The 1928 brick Georgian mansion, owned by gallerist and art historian Warren Adelson and his wife Jan, spans more than 13,000 square feet on 16 acres.

The Adelsons first listed the 842 Sleepy Hollow Road property in February with a price tag of $10.9 million, with Sotheby’s International Realty, according to current broker David Turner of Westchester-based Houlihan Lawrence. Turner was tapped to represent the property about three weeks ago, he said, and which point the asking price was lowered to $9.8 million.

“Frankly I think it’s priced perfectly right now,” said Turner. “I think we’re going to have a sale on it soon.”

The Adelsons purchased Rabbit Hill, which dates to 1928, in 1998 for $7.5 million, according to published reports. The mansion was designed by architect Mott Schmidt, known for crafting early twentieth century homes for the Astors, Morgans and Rockefellers. Schmidt also served as head architect on Gracie Mansion’s new wing, which was added at the behest of Mayor Robert Wagner’s wife Susan in 1965.

The Adelsons made a variety of renovations to the stately home, including redesigning a wing of family bedrooms to create one large master bedroom with a walk-in dressing room and his-and-her baths, according to Turner. The estate also boasts an elevated terrace overlooking a meadow behind the house.

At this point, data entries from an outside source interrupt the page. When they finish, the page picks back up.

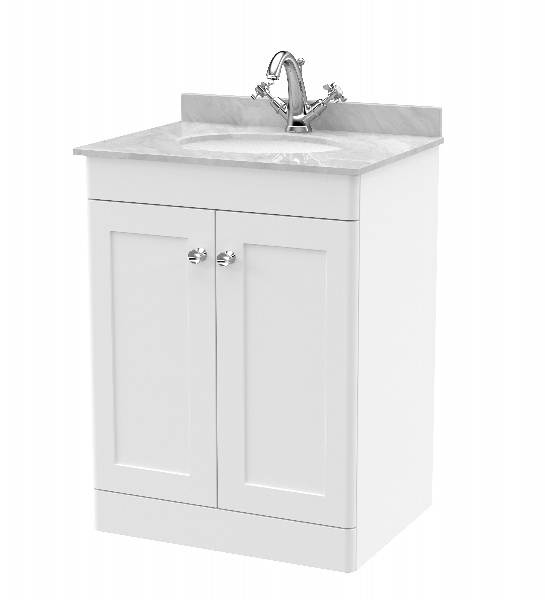 600mm Floor Standing 2 Door Vanity & Marble Top 1TH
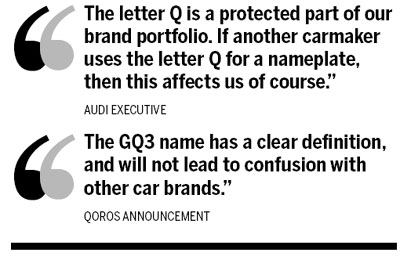 Initial response: Audi sues Qoros Auto over the letter Q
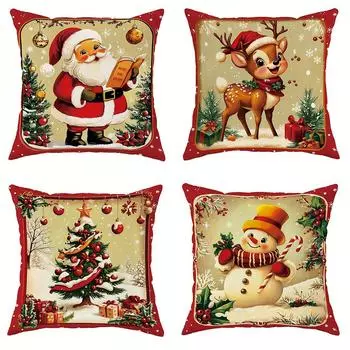 Рождественское украшение наволочка новогодний подарок Санта Клаус олененок снеговик узор украшение для дома диванная подушка чехол 40x40cm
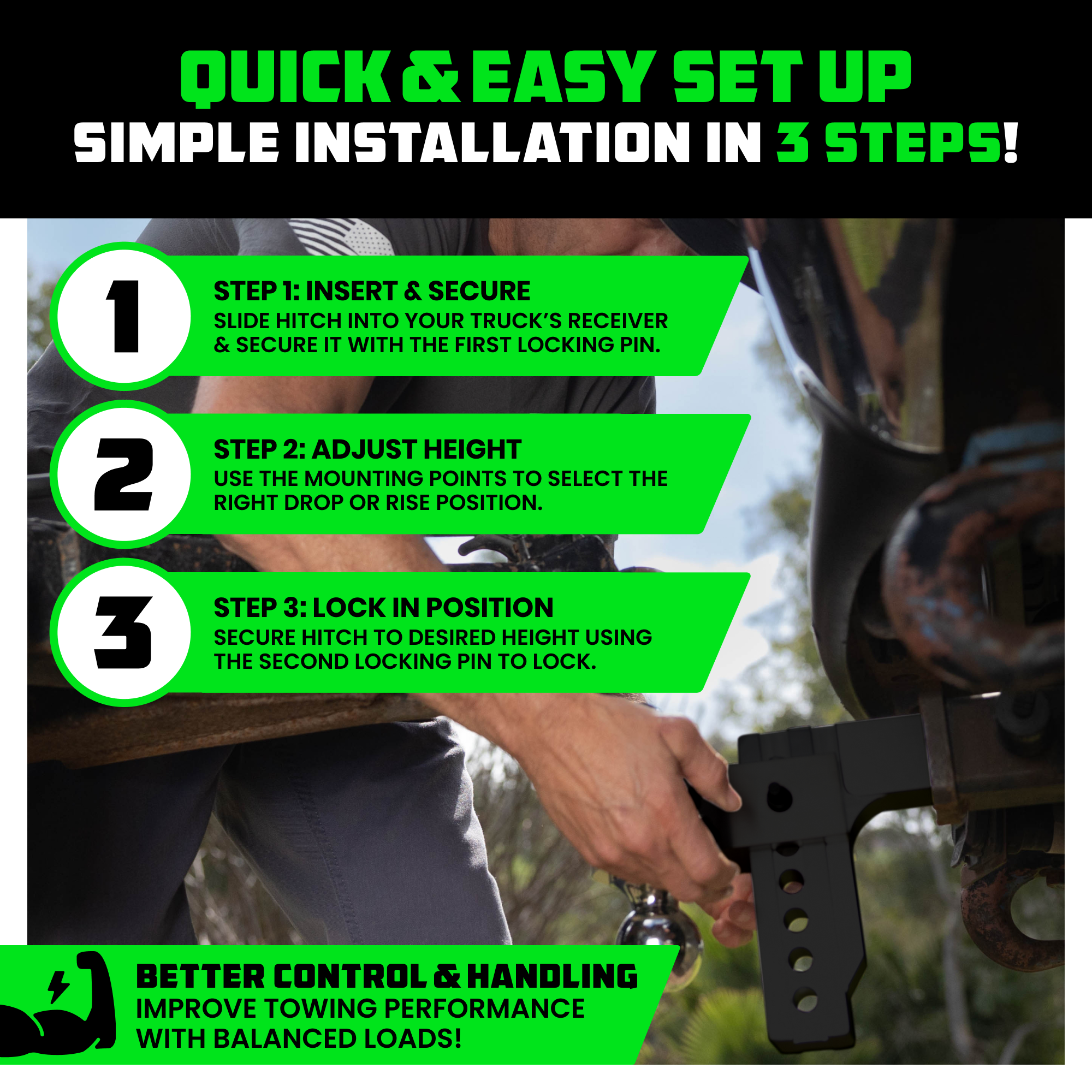 Rhino USA Adjustable Trailer Hitch (2.5-Inch Receiver) - Heavy Duty Aluminum Tow Hitches with 6-Inch Drop/Rise for Truck (18,500 LBS GTW)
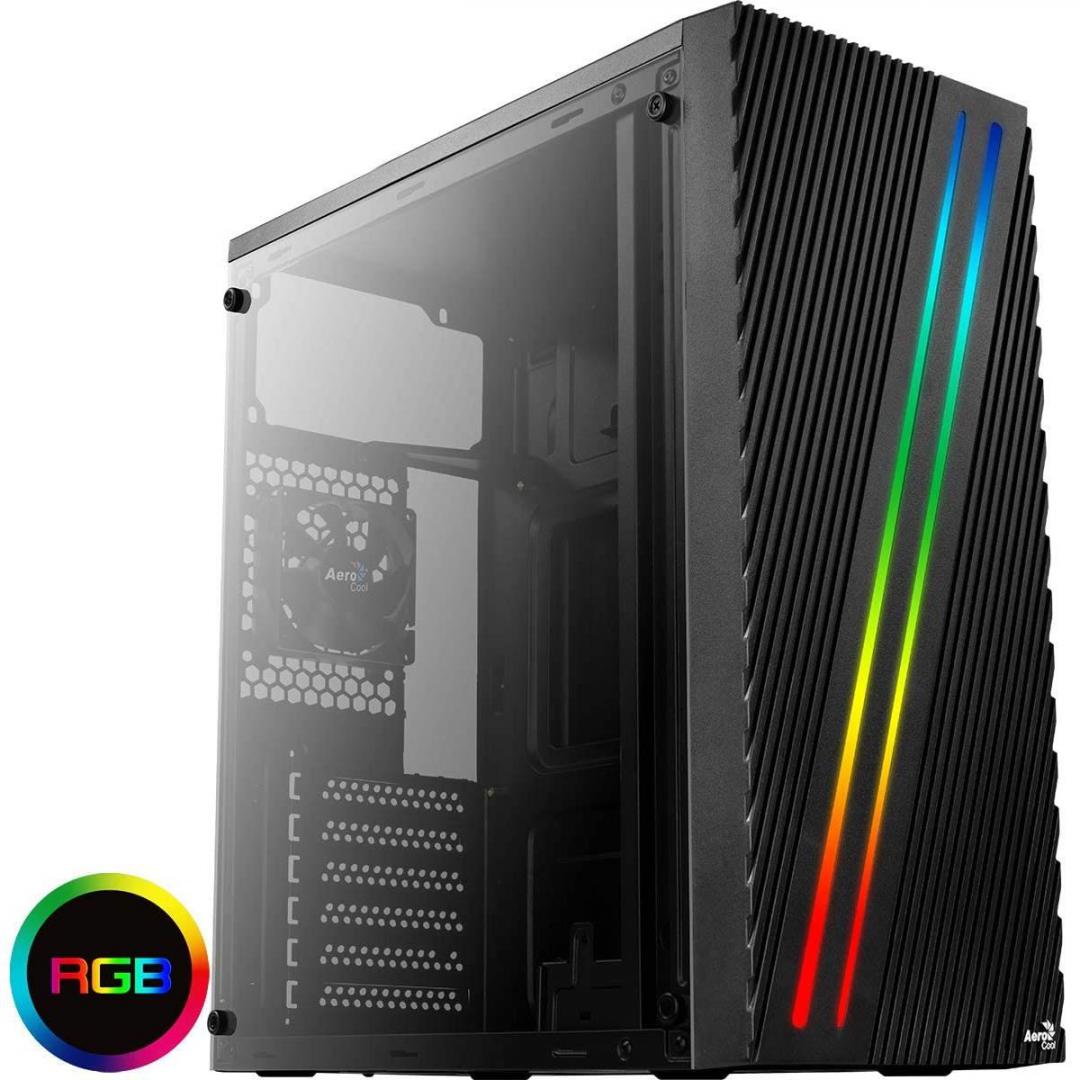 Carcasa Aerocool Streak RGB, Mid-Tower NEGRU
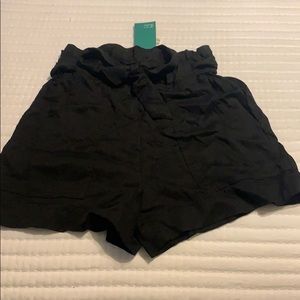 High Waisted Black Flow-y Shorts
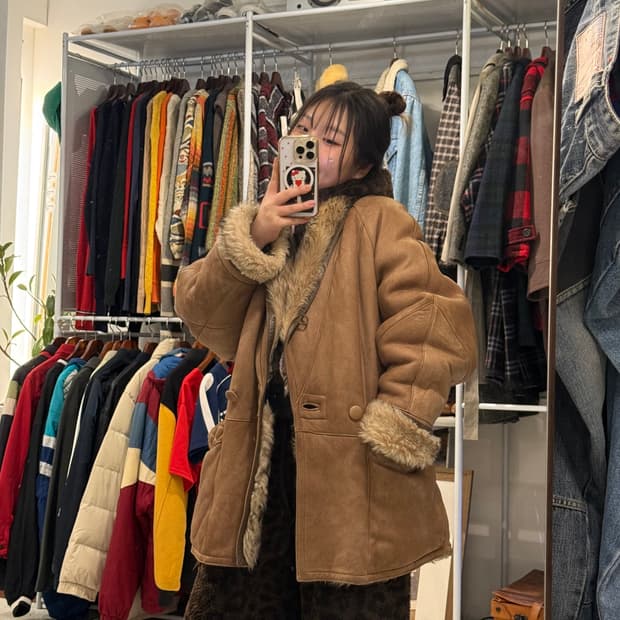 90s 이벨렌 양가죽 양털 무스탕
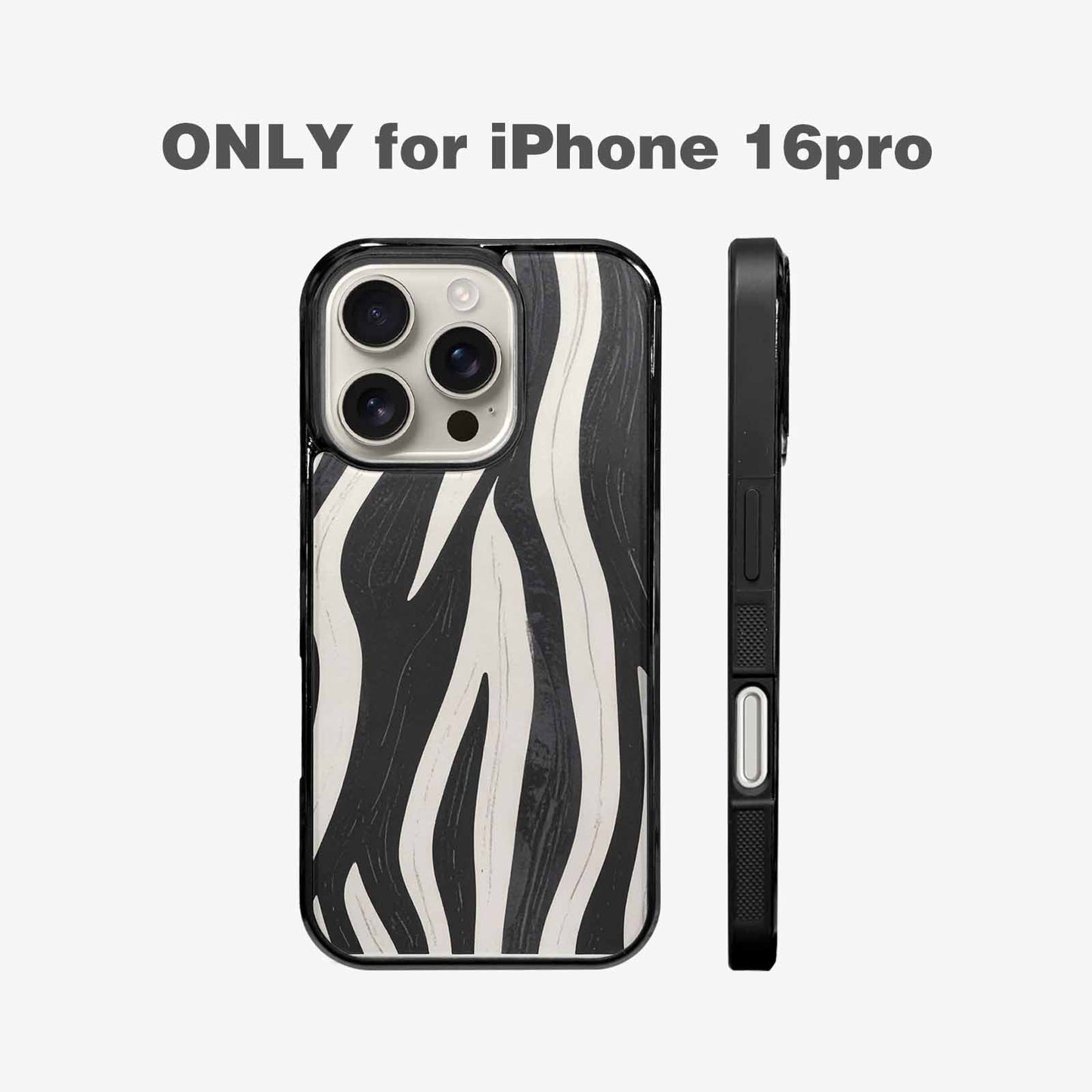 iPhone 16 Pro Case — Modern Zebra Stripe Print Crisp Black, Customized Protective Case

The Rabbit Hill sale is the latest of the Adelsons’ efforts to downsize and simplify, Turner said. Warren Adelson closed his Upper East Side gallery and sold his Manhattan pied-à-terre last year. The 19 East 82nd Street gallery sold for $27.75 million after first listing for $34.8 million, as The Real Deal reported.

“They have loved and adored [Rabbit Hill], but it’s a big property, not a simple one to manage,” Turner said.